REQUIRED ACTION: Pictures are to be left out, and only the lines below starting at the one with "Oakley // Men's" and ending at the one with "Store 95780648 1" are to be reproduced, each exactly, both ends included.

━━━ INFORMATION PROVIDED ━━━

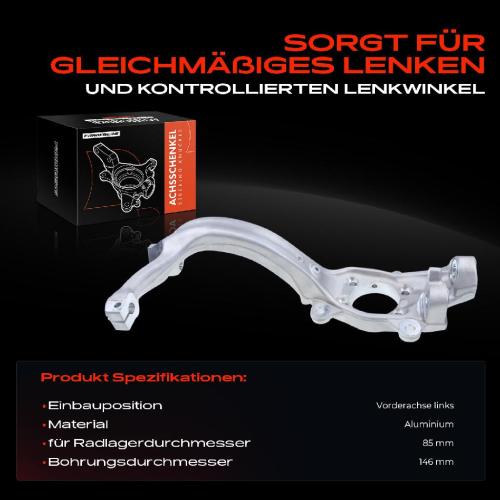 1x Achsschenkel Radaufhängung Vorderachse Links für Audi A6 4F2 4F5 4FH C6 2004-2007 Bild 1x Achsschenkel Radaufhängung Vorderachse Links für Audi A6 4F2 4F5 4FH C6 2004-2007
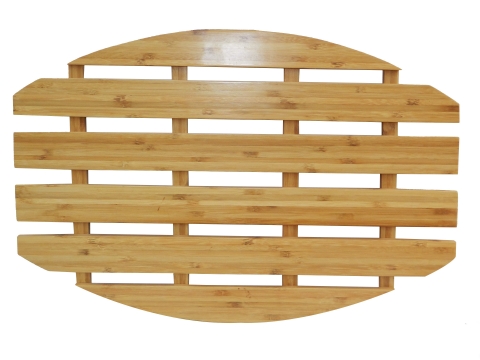 Bamboo bath mat oval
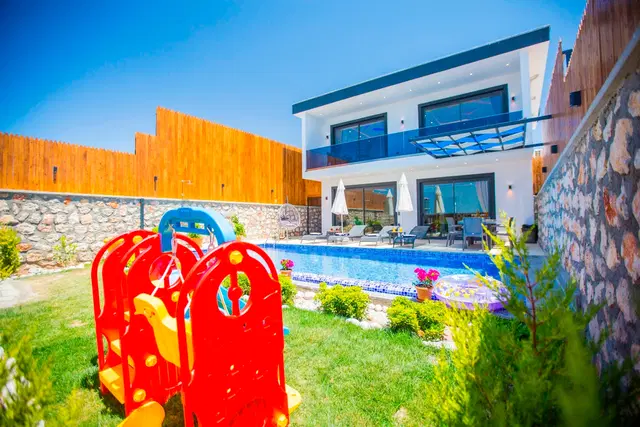 Patara’da doğa manzaralı kiralık villa, fotoğraf 3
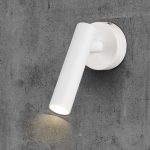 2W LED Spot Rotund Montaj pe Perete 4000K Corp Alb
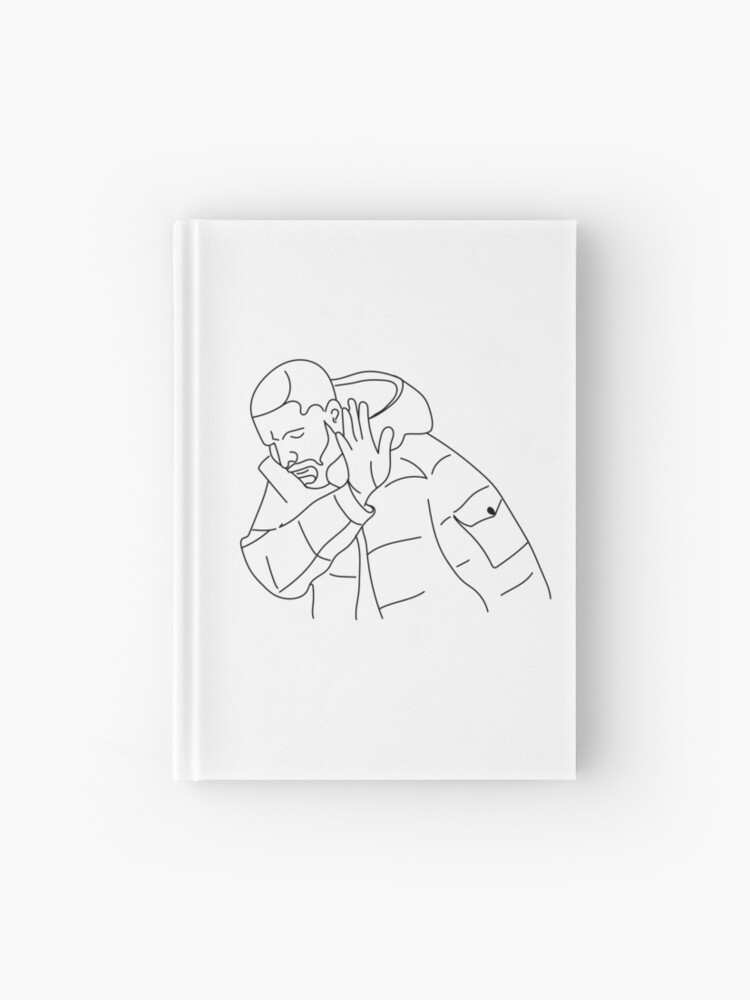 Drake Meme Hotline Bling Hardcover Journal By Imystikhd Redbubble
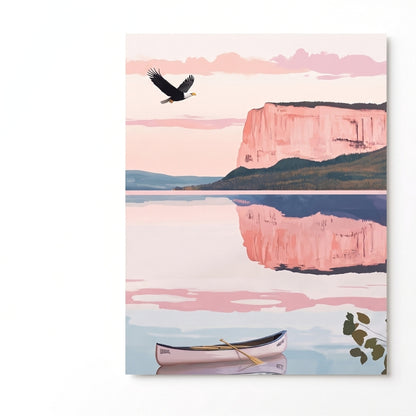 Sleeping Giant Sunset | Canvas Art Print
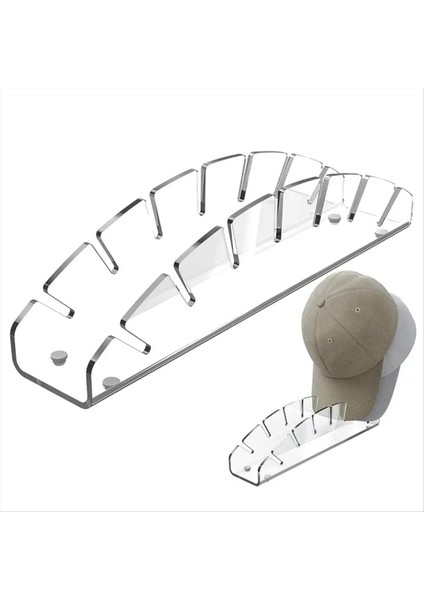 2pcs Şapka Beyzbol Kapakları Akrilik Şapka Organizatörü Beyzbol Şapkaları Için Şapka Depolama Alanı Akrilik Şapka Organizatörü Yok B (Yurt Dışından)
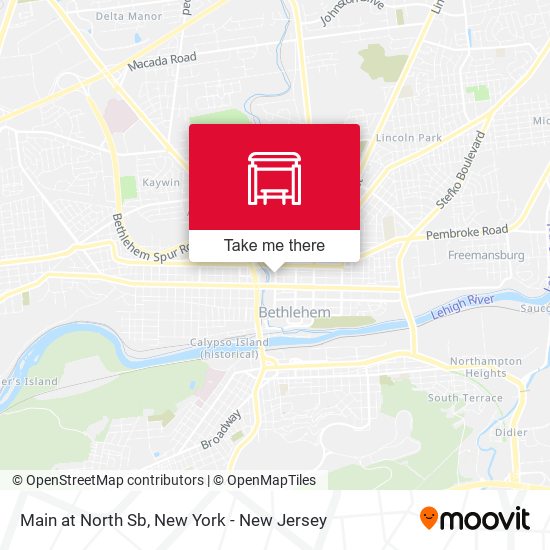Mapa de Main at North Sb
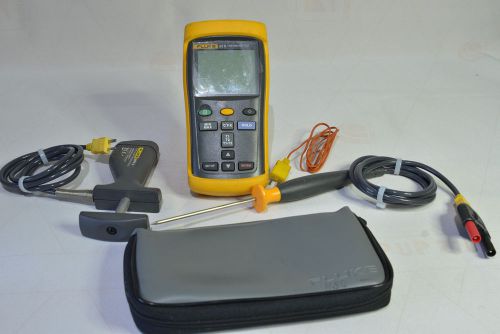 Fluke 52 II Dual Input Digital Thermometer with 80PK-8 and  80PK-25 Probes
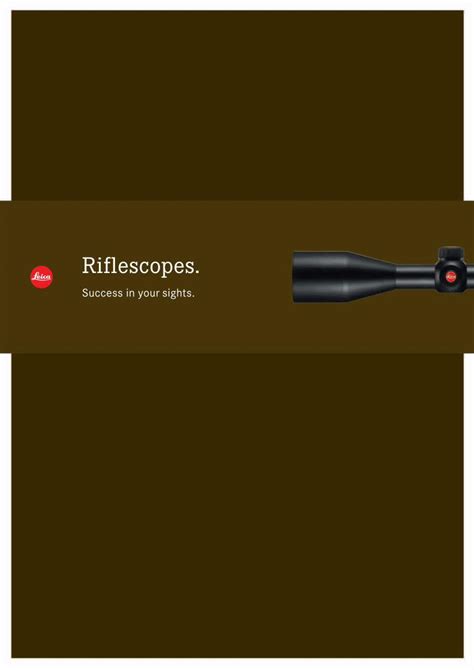 Pdf Leica Rifle Scopeseng Dokumentips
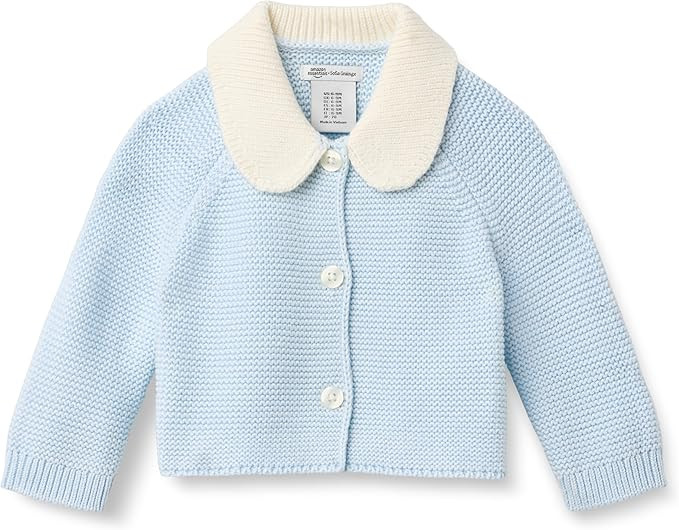 Amazon Essentials x Sofia Grainge Unisex Toddlers and Babies' Peter Pan Collar Sweater Jacket | Amazon (US)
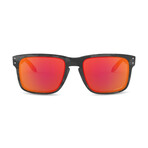 Oakley // Men's Holbrook Sunglasses // Black Camoflauge + Prizm Ruby // New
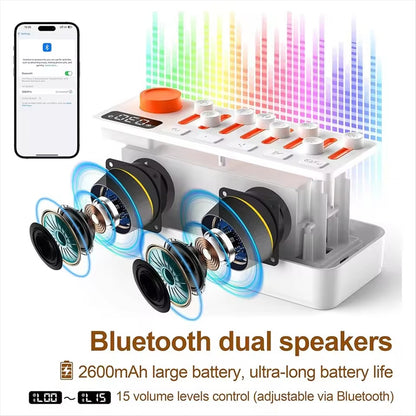 LumiSound™ – Bluetooth Speaker with Ambient Light &amp; White Noise Sleep Aid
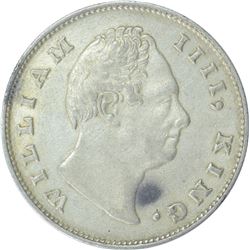 Silver One Rupee Coin of King William IIII of Bombay Mint of 1835.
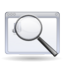   , , , , zoom, window, search, magnifying glass, find 64x64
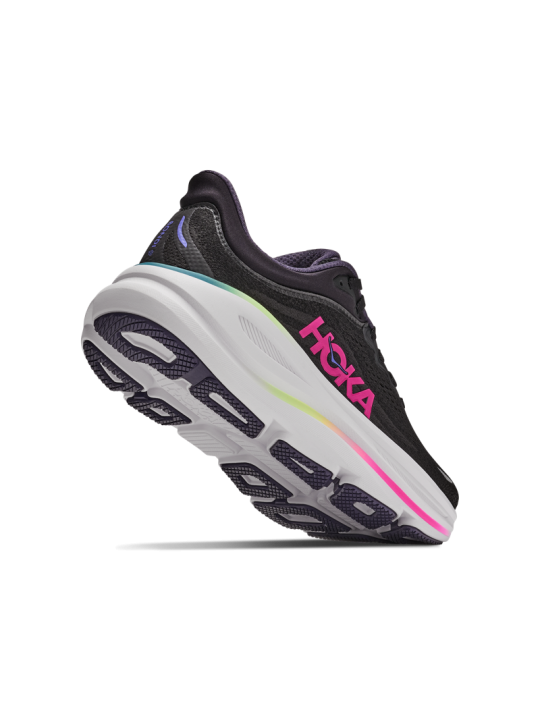 Chaussures Hoka BONDI 9 Femme BLACK / NEON DRAGONFRUIT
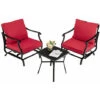 3 Piece Patio Rocking Chair Set Patio Bistro Furniture Set W/ Table 1 3 Piece Patio Rocking Chair Set Patio Bistro Furniture Set W/ Table -Outdoor Furniture Store 95780648 1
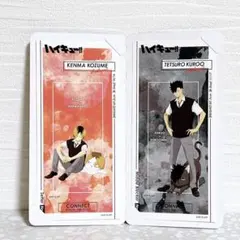 黒尾鉄朗 孤爪研磨 ハイキュー!! きゃらくたぶるステッカーズvol.4 制服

━━━

ANSWER SPACE:
 Oakley // Men's Holbrook Sunglasses // Black Camoflauge + Prizm Ruby // New
 LumiSound™ – Bluetooth Speaker with Ambient Light &amp; White Noise Sleep Aid
 Silver One Rupee Coin of King William IIII of Bombay Mint of 1835.
   , , , , zoom, window, search, magnifying glass, find 64x64
 Chaussures Hoka BONDI 9 Femme BLACK / NEON DRAGONFRUIT
 3 Piece Patio Rocking Chair Set Patio Bistro Furniture Set W/ Table 1 3 Piece Patio Rocking Chair Set Patio Bistro Furniture Set W/ Table -Outdoor Furniture Store 95780648 1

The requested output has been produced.